肝移植は普通1012時間がかかる大手術で、肝機能が低下し、さまざまな合併症が現われ、生命維持が難しい末期肝硬変症患者に適用することができる唯一の治療法です。年々移植医療技術は高まり、死亡例も少なくなっていると聞いておりましたが、ここにきてこのニュースにはびっくりです。
 東京医科大八王子医療センターの高沢センター長は、「難しい手術が少なくなかった。」と話していますが、手術例の4割近い死亡者を出し、しかもその殆どが同じ医師が執刀していたことを考えると、その医師の医療技術に問題があったのではないでしょうか。更に、07年4月より生体肝移植を中止したにもかかわらず、今になって原因や改善策などを数日中に発表するとのことですが、この間、この件の検証はなにもされていなかったのでしょうか?疑問だらけです。
 お隣の韓国のソウル大病院肝移植チーム、ソ・ギョンソク教授チームは、99年以後施行された全体生体肝移植手術304件を調査した結果、20036月以降は死亡者が一人もいなかったことを明らかにしました。医療陣は304件の生体肝移植手術を行いながら、手術中に輸血や再手術したケースがなく、殆どの患者たちが合併症なしに回復したと説明しています。

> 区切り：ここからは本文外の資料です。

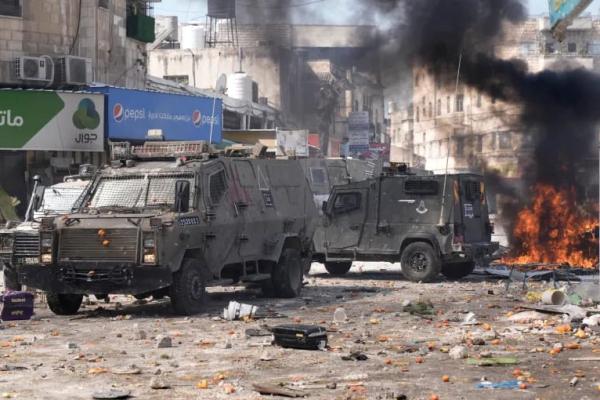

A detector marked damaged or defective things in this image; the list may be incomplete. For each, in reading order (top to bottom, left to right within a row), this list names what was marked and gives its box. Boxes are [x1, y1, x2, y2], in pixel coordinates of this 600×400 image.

burnt tire [2, 266, 21, 290]
burnt tire [170, 260, 207, 316]
burnt tire [272, 248, 304, 298]
burnt tire [324, 260, 352, 276]
burnt tire [400, 242, 442, 282]
burnt tire [440, 260, 474, 280]
burnt tire [47, 292, 83, 314]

 日本の移植医療水準は高いと聞いているのに、こんな差がどうして出るのでしょうか。移植学会の管理体制が甘いのでしょうか。それとも、センター長の言うように、手術できる状態ではなくても実行してしまうケースが多いのでしょうか。専門的なことは解りませんが、私のように、この医療で命を繋がせていただいている者にとっては、ショックな出来事でした。
 このような事件が移植医療にとって大きなマイナスイメージにならないことを願うばかりです。